» Problem to work on
Print all entries precisely as they are written.

» Records to use
▼
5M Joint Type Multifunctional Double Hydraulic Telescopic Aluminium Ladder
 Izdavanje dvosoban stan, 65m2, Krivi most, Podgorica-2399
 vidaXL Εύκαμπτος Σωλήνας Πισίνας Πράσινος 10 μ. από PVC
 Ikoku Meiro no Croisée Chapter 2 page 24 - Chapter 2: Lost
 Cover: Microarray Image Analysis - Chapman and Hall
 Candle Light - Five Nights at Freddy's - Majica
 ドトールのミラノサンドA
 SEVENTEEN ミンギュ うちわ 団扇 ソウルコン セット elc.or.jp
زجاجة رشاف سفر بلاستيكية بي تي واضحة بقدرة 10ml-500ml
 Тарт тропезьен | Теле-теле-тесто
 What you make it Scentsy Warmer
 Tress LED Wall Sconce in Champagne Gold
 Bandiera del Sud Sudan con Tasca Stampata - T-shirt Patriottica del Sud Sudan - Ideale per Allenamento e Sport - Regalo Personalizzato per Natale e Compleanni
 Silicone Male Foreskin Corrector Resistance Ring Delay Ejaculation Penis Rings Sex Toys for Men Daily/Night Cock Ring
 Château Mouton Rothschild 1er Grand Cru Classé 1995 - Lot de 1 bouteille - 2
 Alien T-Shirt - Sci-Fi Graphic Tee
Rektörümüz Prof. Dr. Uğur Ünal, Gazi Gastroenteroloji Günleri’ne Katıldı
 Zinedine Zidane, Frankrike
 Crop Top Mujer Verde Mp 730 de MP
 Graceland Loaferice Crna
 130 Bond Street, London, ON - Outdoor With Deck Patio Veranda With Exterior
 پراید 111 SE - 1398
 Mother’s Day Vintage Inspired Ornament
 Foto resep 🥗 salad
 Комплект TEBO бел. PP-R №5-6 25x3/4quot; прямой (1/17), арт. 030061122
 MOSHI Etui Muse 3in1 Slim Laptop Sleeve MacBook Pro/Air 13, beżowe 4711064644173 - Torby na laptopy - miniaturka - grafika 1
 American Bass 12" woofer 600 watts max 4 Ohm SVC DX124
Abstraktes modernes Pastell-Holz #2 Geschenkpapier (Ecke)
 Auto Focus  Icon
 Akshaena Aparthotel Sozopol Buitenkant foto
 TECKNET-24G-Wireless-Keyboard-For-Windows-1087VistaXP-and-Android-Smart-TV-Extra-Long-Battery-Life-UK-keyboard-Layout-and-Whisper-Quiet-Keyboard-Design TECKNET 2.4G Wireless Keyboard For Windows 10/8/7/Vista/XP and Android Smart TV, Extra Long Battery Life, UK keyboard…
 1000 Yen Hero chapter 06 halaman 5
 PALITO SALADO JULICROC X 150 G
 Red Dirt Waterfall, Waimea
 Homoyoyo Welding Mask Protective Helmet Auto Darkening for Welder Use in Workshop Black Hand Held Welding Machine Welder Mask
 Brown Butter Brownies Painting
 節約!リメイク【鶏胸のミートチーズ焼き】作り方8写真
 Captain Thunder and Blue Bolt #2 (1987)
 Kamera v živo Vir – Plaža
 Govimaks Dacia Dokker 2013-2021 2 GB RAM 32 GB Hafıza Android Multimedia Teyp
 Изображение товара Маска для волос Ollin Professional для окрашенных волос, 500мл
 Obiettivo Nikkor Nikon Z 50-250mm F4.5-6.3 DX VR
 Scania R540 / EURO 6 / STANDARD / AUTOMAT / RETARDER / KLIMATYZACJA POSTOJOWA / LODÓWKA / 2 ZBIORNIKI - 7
▲
» Solved problem
5M Joint Type Multifunctional Double Hydraulic Telescopic Aluminium Ladder
 Izdavanje dvosoban stan, 65m2, Krivi most, Podgorica-2399
 vidaXL Εύκαμπτος Σωλήνας Πισίνας Πράσινος 10 μ. από PVC
 Ikoku Meiro no Croisée Chapter 2 page 24 - Chapter 2: Lost
 Cover: Microarray Image Analysis - Chapman and Hall
 Candle Light - Five Nights at Freddy's - Majica
 ドトールのミラノサンドA
 SEVENTEEN ミンギュ うちわ 団扇 ソウルコン セット elc.or.jp
زجاجة رشاف سفر بلاستيكية بي تي واضحة بقدرة 10ml-500ml
 Тарт тропезьен | Теле-теле-тесто
 What you make it Scentsy Warmer
 Tress LED Wall Sconce in Champagne Gold
 Bandiera del Sud Sudan con Tasca Stampata - T-shirt Patriottica del Sud Sudan - Ideale per Allenamento e Sport - Regalo Personalizzato per Natale e Compleanni
 Silicone Male Foreskin Corrector Resistance Ring Delay Ejaculation Penis Rings Sex Toys for Men Daily/Night Cock Ring
 Château Mouton Rothschild 1er Grand Cru Classé 1995 - Lot de 1 bouteille - 2
 Alien T-Shirt - Sci-Fi Graphic Tee
Rektörümüz Prof. Dr. Uğur Ünal, Gazi Gastroenteroloji Günleri’ne Katıldı
 Zinedine Zidane, Frankrike
 Crop Top Mujer Verde Mp 730 de MP
 Graceland Loaferice Crna
 130 Bond Street, London, ON - Outdoor With Deck Patio Veranda With Exterior
 پراید 111 SE - 1398
 Mother’s Day Vintage Inspired Ornament
 Foto resep 🥗 salad
 Комплект TEBO бел. PP-R №5-6 25x3/4quot; прямой (1/17), арт. 030061122
 MOSHI Etui Muse 3in1 Slim Laptop Sleeve MacBook Pro/Air 13, beżowe 4711064644173 - Torby na laptopy - miniaturka - grafika 1
 American Bass 12" woofer 600 watts max 4 Ohm SVC DX124
Abstraktes modernes Pastell-Holz #2 Geschenkpapier (Ecke)
 Auto Focus  Icon
 Akshaena Aparthotel Sozopol Buitenkant foto
 TECKNET-24G-Wireless-Keyboard-For-Windows-1087VistaXP-and-Android-Smart-TV-Extra-Long-Battery-Life-UK-keyboard-Layout-and-Whisper-Quiet-Keyboard-Design TECKNET 2.4G Wireless Keyboard For Windows 10/8/7/Vista/XP and Android Smart TV, Extra Long Battery Life, UK keyboard…
 1000 Yen Hero chapter 06 halaman 5
 PALITO SALADO JULICROC X 150 G
 Red Dirt Waterfall, Waimea
 Homoyoyo Welding Mask Protective Helmet Auto Darkening for Welder Use in Workshop Black Hand Held Welding Machine Welder Mask
 Brown Butter Brownies Painting
 節約!リメイク【鶏胸のミートチーズ焼き】作り方8写真
 Captain Thunder and Blue Bolt #2 (1987)
 Kamera v živo Vir – Plaža
 Govimaks Dacia Dokker 2013-2021 2 GB RAM 32 GB Hafıza Android Multimedia Teyp
 Изображение товара Маска для волос Ollin Professional для окрашенных волос, 500мл
 Obiettivo Nikkor Nikon Z 50-250mm F4.5-6.3 DX VR
 Scania R540 / EURO 6 / STANDARD / AUTOMAT / RETARDER / KLIMATYZACJA POSTOJOWA / LODÓWKA / 2 ZBIORNIKI - 7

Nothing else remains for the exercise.